FunctionApproximator class

keras_gym.FunctionApproximator A generic function approximator.
class keras_gym.FunctionApproximator(env, optimizer=None, **optimizer_kwargs)[source]

A generic function approximator.

This is the central object object that provides an interface between a gym-type environment and function approximators like value functions and updateable policies.

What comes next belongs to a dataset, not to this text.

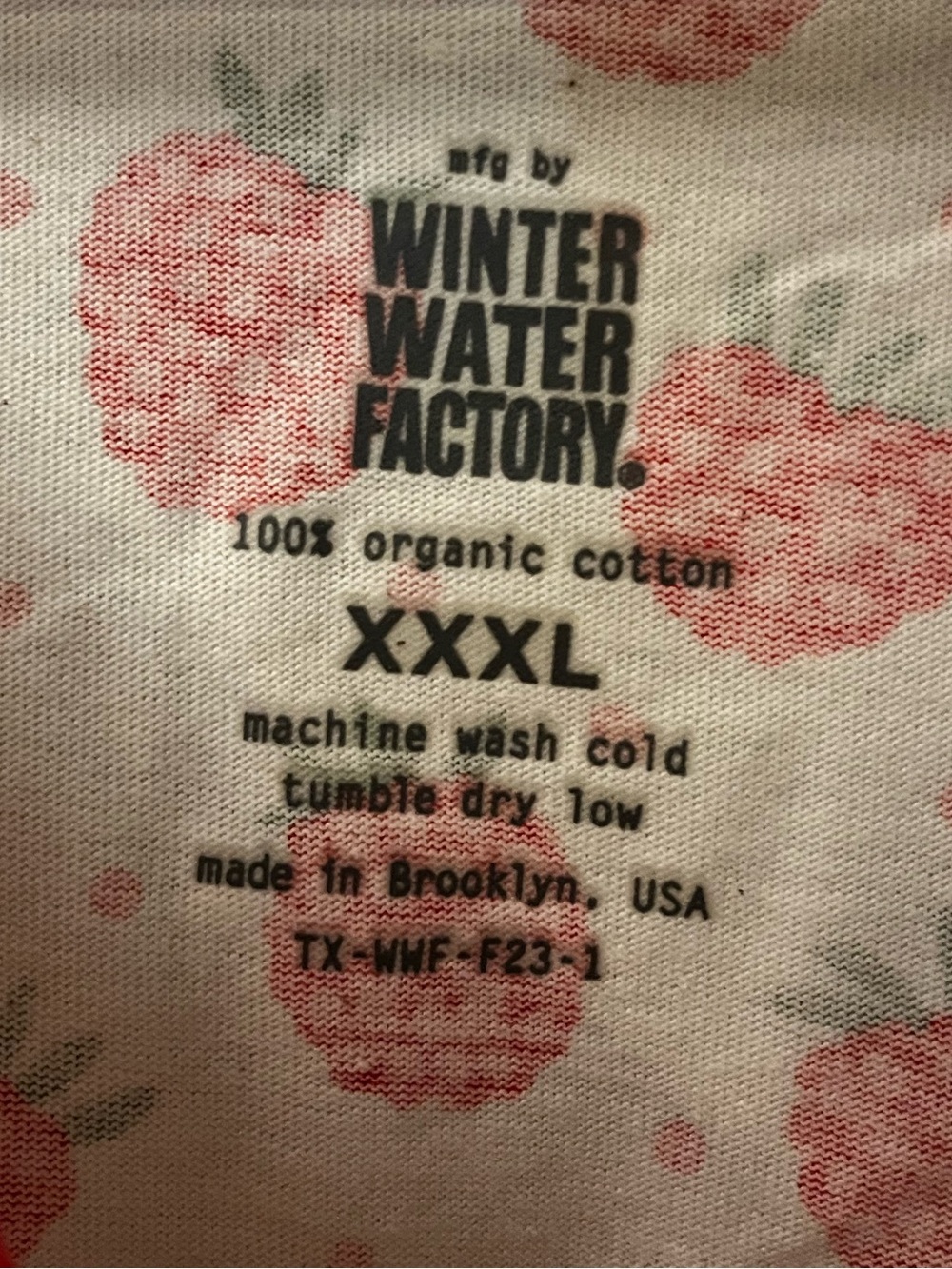 Winter Water Factory Raspberry Printed T-Shirt - Picture 2 of 2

In order to create a valid function approximator, you need to implement the body method. For example, to implement a simple multi-layer perceptron function approximator you would do something like:

import gym
import keras_gym as km
from tensorflow.keras.layers import Flatten, Dense

class MLP(km.FunctionApproximator):
    """ multi-layer perceptron with one hidden layer """
    def body(self, S):
        X = Flatten()(S)
        X = Dense(units=4)(X)
        return X

# environment
env = gym.make(...)

# generic function approximator
mlp = MLP(env, lr=0.001)

# policy and value function
pi, v = km.SoftmaxPolicy(mlp), km.V(mlp)

The default heads are simple (multi) linear regression layers, which can be overridden by your own implementation.

Parameters:
env : environment

A gym-style environment.

optimizer : keras.optimizers.Optimizer, optional

If left unspecified (optimizer=None), the function approximator’s DEFAULT_OPTIMIZER is used. See keras documentation for more details.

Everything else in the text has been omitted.